RECORD SET
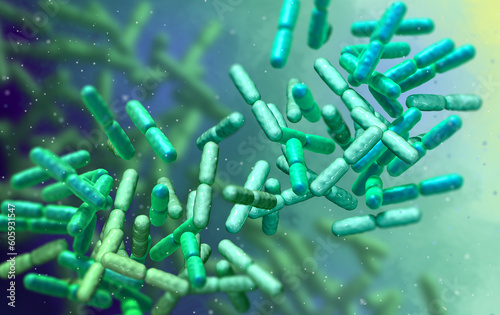 Probiotic beneficial bacteria, normal intestinal microflora, microorganisms used as probiotics, yoghurts, healthy food, Lactobacillus, Bifidobacterium, 3d rendering
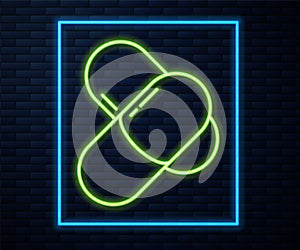 Glowing neon line Sports nutrition bodybuilding proteine power drink and food icon isolated on brick wall background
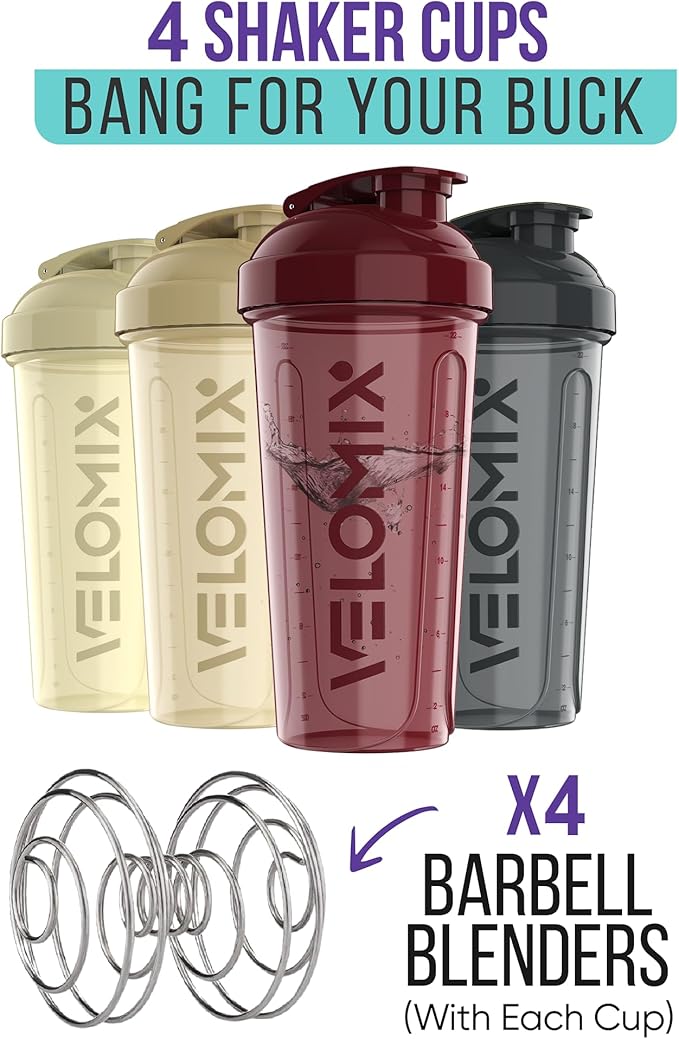 '-4 PACK- 28 oz Protein Shaker Bottle for Protein Mixes - 4x Wire Whisk | Leak Proof Shaker Cups for Protein Shakes | Protein Shaker Bottle Pack | Protein Shake Cup (Burgundy Pack)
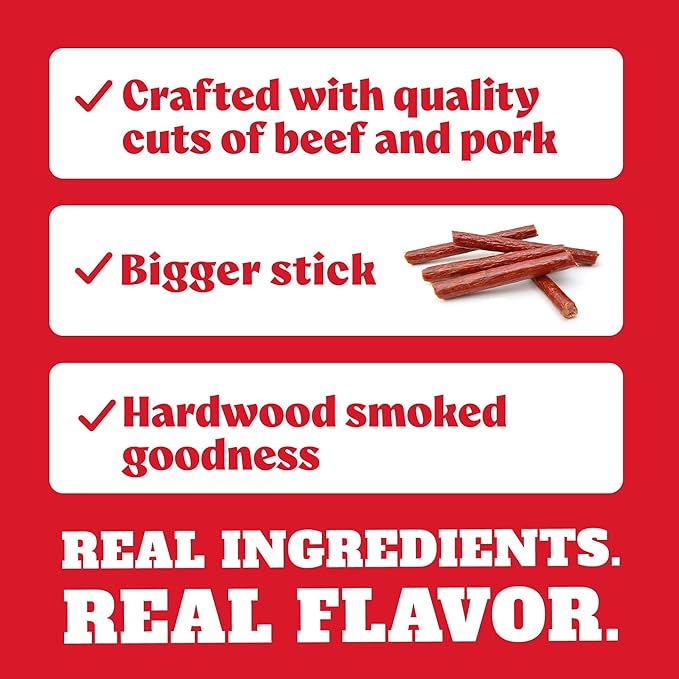 Old Wisconsin Yumbo Summer Sausage Snack Sticks, Ready to Eat, High Protein, Low Carb, Keto, Gluten Free, 20 Individually Wrapped 2oz Sticks, Original Flavor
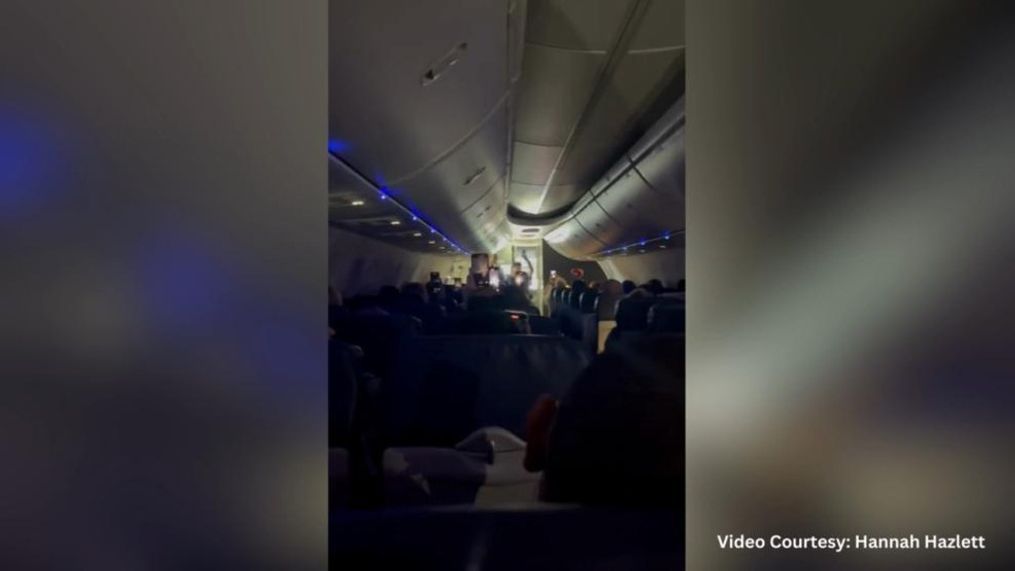 Taylor Swift fans on delayed flight to Salt Lake City put on concert in viral video (Courtesy: Hannah Hazlett)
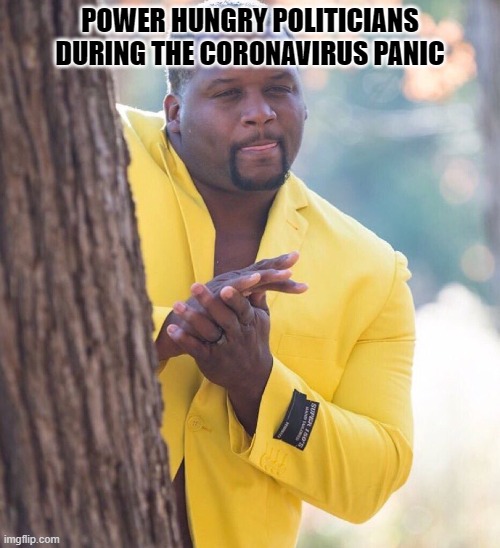 Coronapocalypse | POWER HUNGRY POLITICIANS DURING THE CORONAVIRUS PANIC | image tagged in black guy hiding behind tree,coronavirus,crisis,political meme,politicians,police state | made w/ Imgflip meme maker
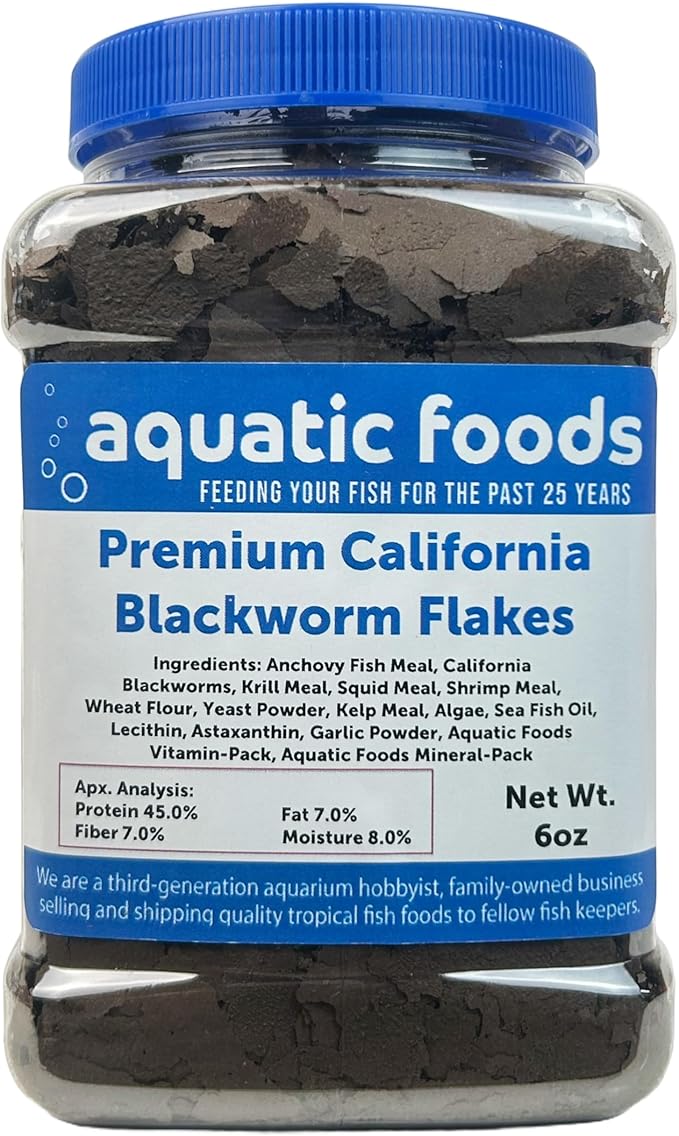 California Blackworm 45% Protein Premium Flakes for Discus, Cichlids, All Tropical Fish Also Pellet Mix, Wafer Mix Included…6oz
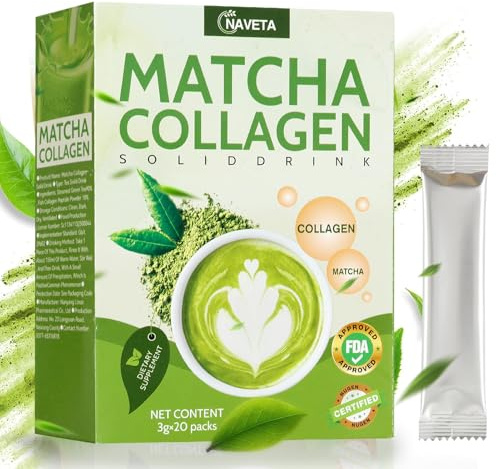 Polvere di Collagene Matcha Biologico 20x3g Polvere di Tè Verde Matcha Bio Proteine ​​Matcha in polvere per Latte, Frullati e Dolci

YOUR INSTRUCTIONS
What you return must match, character for character, the lines above from the one with "Old Wisconsin Yumbo" through the one with "Taylor Swift fans", minus any pictures.

RESULT
 Old Wisconsin Yumbo Summer Sausage Snack Sticks, Ready to Eat, High Protein, Low Carb, Keto, Gluten Free, 20 Individually Wrapped 2oz Sticks, Original Flavor
 Taylor Swift fans on delayed flight to Salt Lake City put on concert in viral video (Courtesy: Hannah Hazlett)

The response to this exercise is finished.